## Data shown
════════════════════

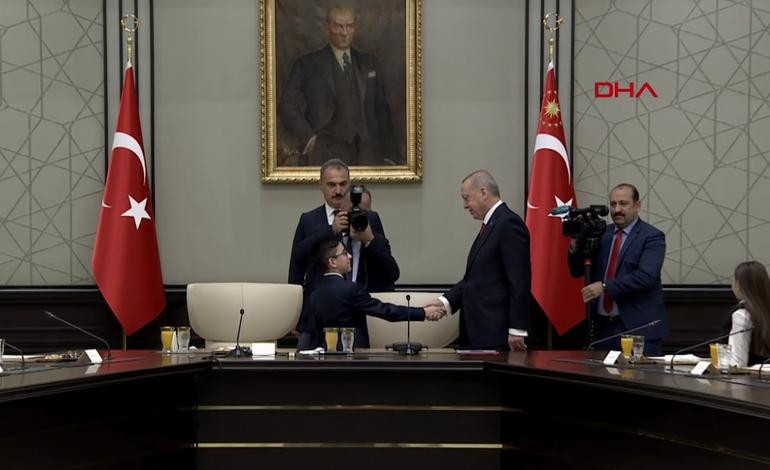 Erdoğan'ın koltuğunu devrettiği küçük Ozan'dan Kılıçdaroğlu sorusu - Resim : 1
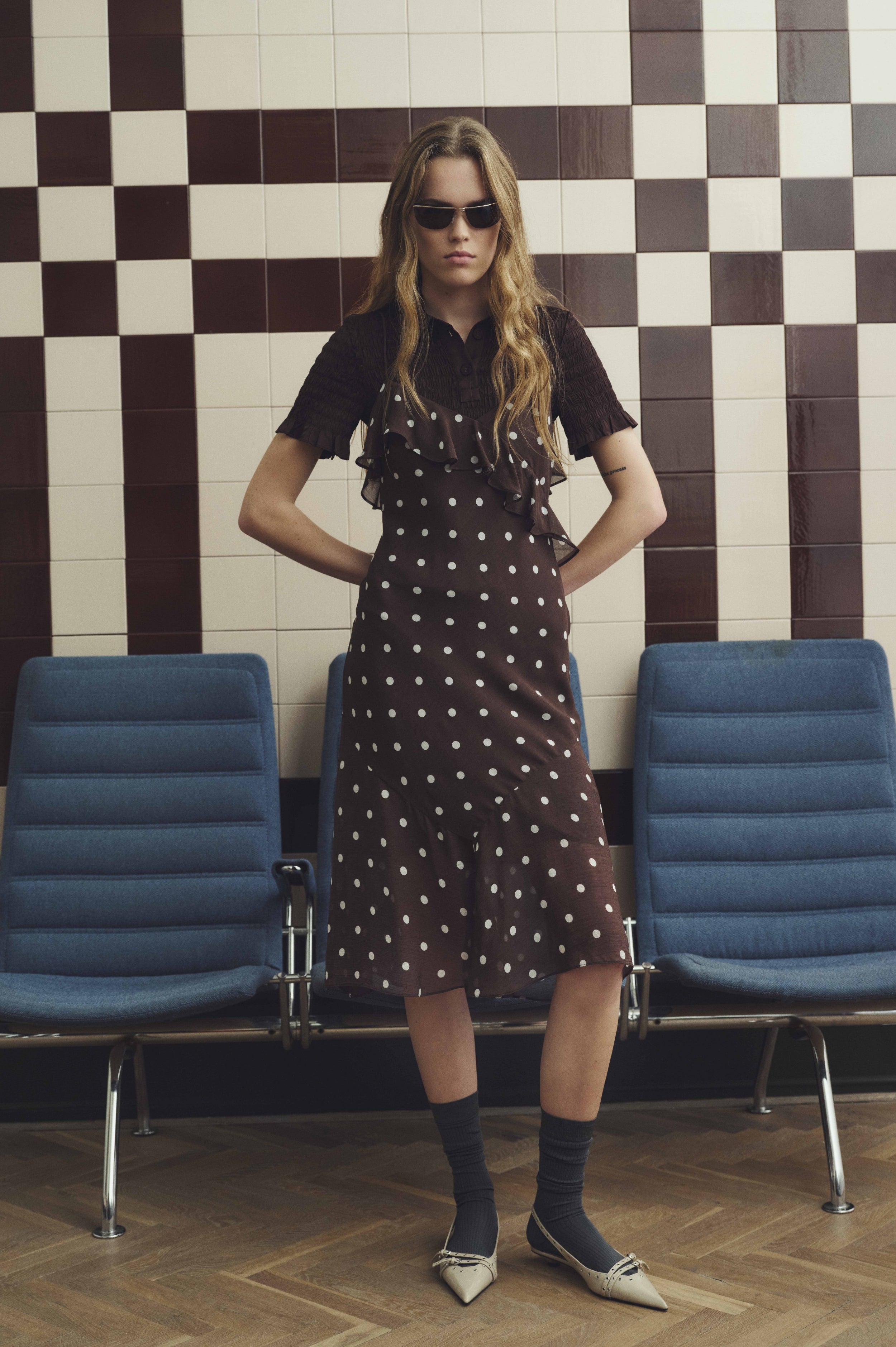 ALLIS | Coffee Bean Dots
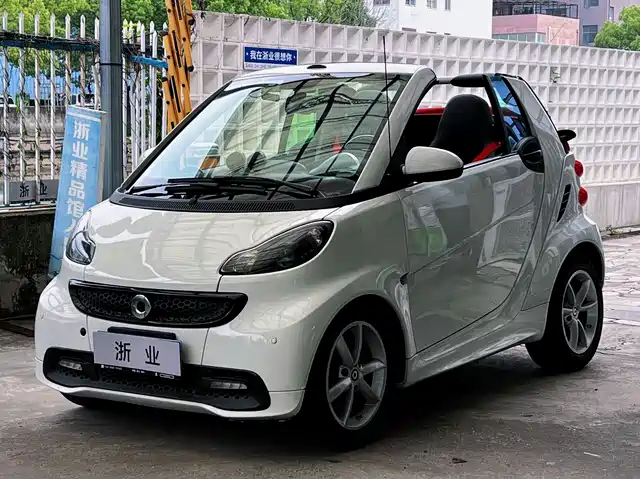  smart smart fortwo 2013 1.0T Convertible Passion
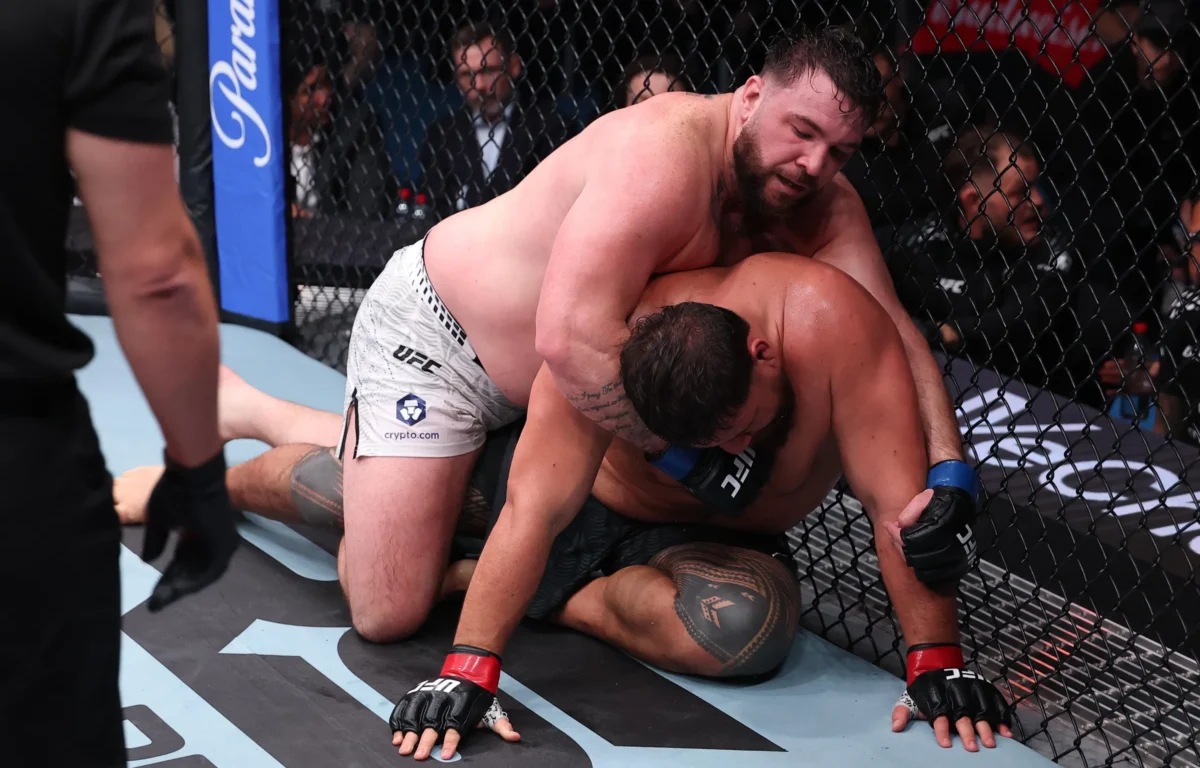 ufc 328 sean strickland injury win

════════════════════

## What you are asked to do
Transcribe exactly the line that contains "ALLIS | Coffee Bean Dots" and each line after it through the end of the listing. Leave out the pictures.

## Solution to the problem
 ALLIS | Coffee Bean Dots
  smart smart fortwo 2013 1.0T Convertible Passion
 ufc 328 sean strickland injury win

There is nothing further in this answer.